Angesichts der nach wie vor grassierenden Chip-Knappheit ergreifen immer mehr Hersteller ungewöhnliche Maßnahmen, um ihre Produktionslinien am Laufen zu halten. Sie nutzen etwa Halbleiter aus Waschmaschinen, schreiben ihren Code um, um weniger Chips zu benötigen, oder liefern ihre Produkte sogar ohne diese aus, um sie später nachzurüsten. „Auf dem Markt herrscht Verzweiflung“, fasst Bill Wiseman, Seniorpartner bei der Beratungsfirma McKinsey, die Situation zusammen.

„Wenn man ein Massenspektrometer für 350.000 Dollar baut und es nicht ausliefern kann, weil man keinen 50-Cent-Chip hat, ist man bereit, alles zu zahlen“, erläutert Wiseman gegenüber dem US-Magazin „Wired“. McKinsey hat sich dies zu Nutze gemacht und ein Team zusammengestellt, das sich mit der Beschaffung von Chips für die Unternehmen beschäftigt, die es berät. Dabei gelte es, über die üblichen Lieferketten hinauszuschauen, erklärt Wiseman. „Die Chips sind tatsächlich vorhanden“, sagt Wiseman. „Es geht nur darum, sie zu finden und zu bekommen.

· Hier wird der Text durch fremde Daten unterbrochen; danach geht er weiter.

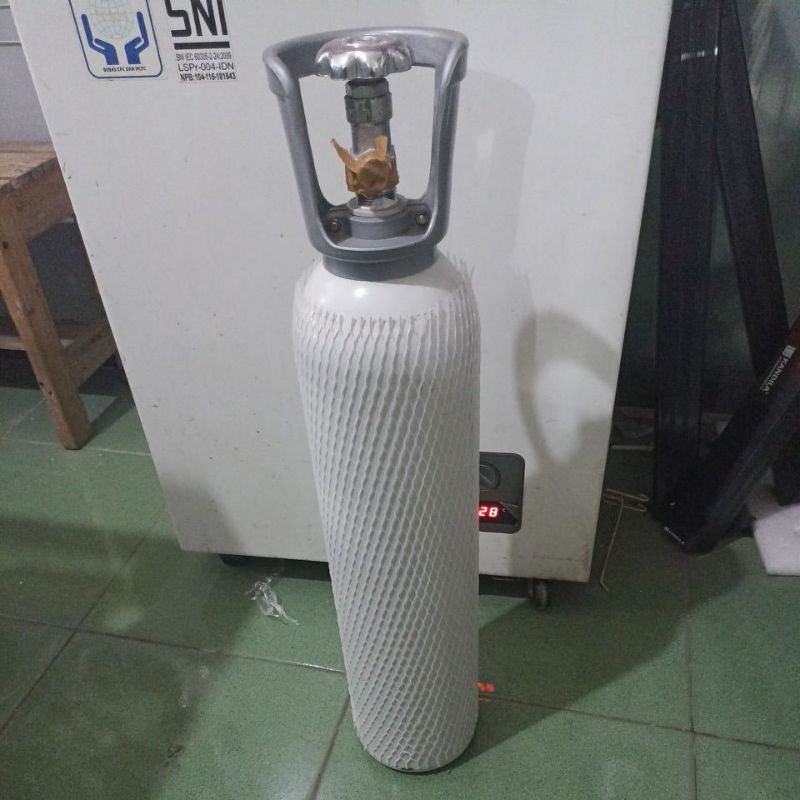 Tabung gas co2 5kg untuk aquarium Aquascape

Wohin das führen kann, erläuterte unlängst Peter Wennink, Chef des niederländischen Unternehmens ASML, das die komplexen Maschinen zum Prägen von Mikrochips herstellt. Er enthüllte laut Bericht, dass ein großes Industriekonglomerat dazu übergegangen ist, Waschmaschinen zu kaufen, um die darin enthaltenen Chips für seine Produkte zu verwenden.

Funktionen gestrichen
In der von der Chip-Krise besonders schwer getroffenen Autoindustrie hat man indes damit begonnen, bestimmte Funktionen aus den Fahrzeugen zu streichen, anstatt die Produktionslinien stillzulegen. Im September letzten Jahres erklärte Cadillac, dass es die Freisprecheinrichtung aus einigen Fahrzeugen entfernen würde. Im November begann Tesla mit dem Verkauf von Fahrzeugen ohne USB-Anschlüsse. Und im Mai dieses Jahres kündigte Ford an, einige Modelle ohne Chips für unkritische Funktionen wie die Heizungssteuerung auszuliefern und diese von den Händlern zu einem späteren Zeitpunkt einbauen zu lassen.

Code umgeschrieben
Laut Mike Juran, CEO von Altia, einem Unternehmen, das Software für die Entwicklung von Schnittstellen für Autos und Geräte herstellt, schreiben viele Unternehmen ihren Code inzwischen so um, dass er mit verschiedenen Chips funktioniert oder dass ein einziger Chip die doppelte Arbeit leistet. In einigen Fällen verwendeten die Unternehmen Chips, die bis zu zehn Jahre alt sind. „Sie tauschen die Chips gegen die neuesten aus“, so Juran gegenüber „Wired“. „Wir bringen sie dazu, auf alte Chips zurückzugreifen, die in den Lagern liegen und nicht mehr auf dem neuesten Stand sind, aber wir können die gleiche Benutzeroberfläche darauf installieren.“

TechInsights-Analyst Dan Hutcheson warnt indes davor, dass die aktuelle Chip-Knappheit schnell zu einem Überangebot führen könnte, wenn sich die Wirtschaft abkühlt und die Nachfrage nach neuen Produkten sinkt. Er fragt sich aber auch, ob es für die derzeitige Knappheit eine andere Erklärung geben könnte. „Es muss eine Hortung geben“, sagte Hutcheson dem US-Magazin. „Ich glaube, Chips sind das neue Klopapier."